Success boolean If true, the query was successful. true or false
Component string The Immuta component that generated the record. nativeSql
AccessType string Indicates whether access was granted to an individual blob or if this was a query potentially encompassing many blobs. query
Query string The query that was run in the integration. See the example below

Example queryText

Below is an example of the queryText, which contains the full notebook cell (since the query was the result of a notebook). If the query had been from a JDBC connection, the queryText would contain the full SQL query.

testTable = 'default.crime_data_delta'
testDb = 'test'

df = spark.table(testTable)
df.limit(1).collect()

filteredDf = df.filter('victim_age > 20')
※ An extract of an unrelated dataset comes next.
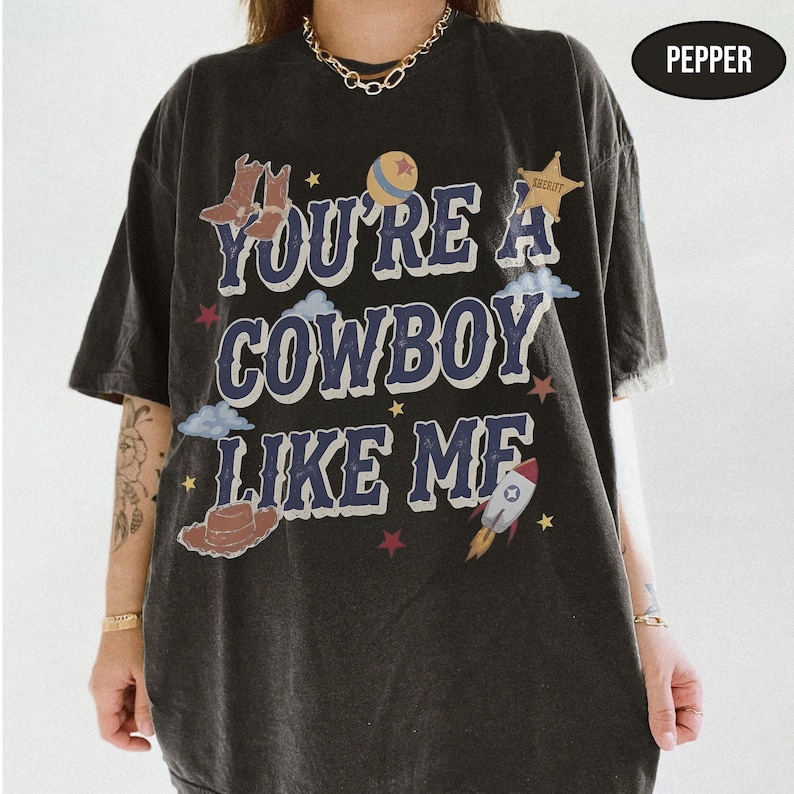 Puede incluir: Una camiseta de manga corta gris carb&oacute;n con el texto YOU'RE A COWBOY LIKE ME en letras azules. El gr&aacute;fico incluye ilustraciones de botas de vaquero marrones, una pelota, una estrella de sheriff, nubes, un sombrero marr&oacute;n, un cohete y estrellas rojas.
filteredDf.write.saveAsTable('{}.audit_cell'.format(testDb))
spark.table('{}.audit_cell'.format(testDb)).limit(1).collect()

spark.sql('DROP TABLE IF EXISTS {}.audit_cell'.format(testDb))

This notebook cell had multiple audit records associated with it, but the example audit record in the tab to the right corresponds to the filteredDf.write.saveAsTable('{}.audit_cell'.format(testDb)) line.

Example Audit Record

{
"id": "b0d49f2a-4a34-4d50-b36e-fd9b619eed32",
"dateTime": "1617997828777",
"month": 1455,
"profileId": 1,
"userId": "kris@immuta.com",
"dataSourceId": 41,
"dataSourceName": "Crime Data Delta",
"projectId": 17,
"projectName": "test",
"purposeIds": [
22
],
"count": 1,
"recordType": "spark",
"success": true,
"component": "dataSource",
"accessType": "query",
"query": "'CreateTable `test`.`audit_cell`, ErrorIfExists\n+- Filter (victim_age#8907 > 20)\n   +- ImmutaResolvedTableAlias default.crime_data_delta\n      +- SubqueryAlias spark_catalog.immuta.default_crime_data_delta\n         +- TrustedPlan\n            +- Project [dr_number#8882, area_id#8883, area_name#8884, reporting_district#8885, crime_code#8886, crime_code_description#8887, mo_codes#8888, victim_sex#8889, victim_descent#8890, premise_code#8891, premise_description#8892, weapon_used_code#8893, weapon_description#8894, status_code#8895, status_description#8896, crime_code_1#8897, crime_code_2#8898, crime_code_3#8899, crime_code_4#8900, address#8901, cross_street#8902, location#8903, date_reported#8904, date_occurred#8905, ... 2 more fields]\n               +- SubqueryAlias spark_catalog.default.crime_data_delta\n                  +- Relation[dr_number#8882,area_id#8883,area_name#8884,reporting_district#8885,crime_code#8886,crime_code_description#8887,mo_codes#8888,victim_sex#8889,victim_descent#8890,premise_code#8891,premise_description#8892,weapon_used_code#8893,weapon_description#8894,status_code#8895,status_description#8896,crime_code_1#8897,crime_code_2#8898,crime_code_3#8899,crime_code_4#8900,address#8901,cross_street#8902,location#8903,date_reported#8904,date_occurred#8905,... 2 more fields] parquet\n",
"extra": {
"maskedColumns": {},
"metastoreTables": [
"default.crime_data_delta"
],
"pathUris": [
"dbfs:/user/hive/warehouse/crime_data_delta"
],
"queryText": "testTable = 'default.crime_data_delta'\ntestDb = 'test'\n\ndf = spark.table(testTable)\ndf.limit(1).collect()\n\n\n\n\n\n\n\n\n\n# doing spark things...\n\n\n\n\n\n\n\n\nfilteredDf = df.filter('victim_age > 20')\n\nfilteredDf.write.saveAsTable('{}.audit_cell'.format(testDb))\nspark.table('{}.audit_cell'.format(testDb)).limit(1).collect()\n\nspark.sql('DROP TABLE IF EXISTS {}.audit_cell'.format(testDb))",
"queryLanguage": "python",
"purposes": [
"Re-identification Prohibited.Expert Determination.SDM"
]
},
"dataSourceTableName": "default_crime_data_delta",
"createdAt": "2021-04-09T19:50:28.787Z",
"updatedAt": "2021-04-09T19:50:28.787Z"
}

This example audit record contains two new fields under extra:

  • queryText: The queryText will contain either the full notebook cell (when the query is the result of a notebook) or the full SQL query (when it is a query from a JDBC connection).

  • queryLanguage: The queryLanguage corresponds to the programming language used: SQL, Python, Scala, or R. Audited JDBC queries will indicate that it came from JDBC here.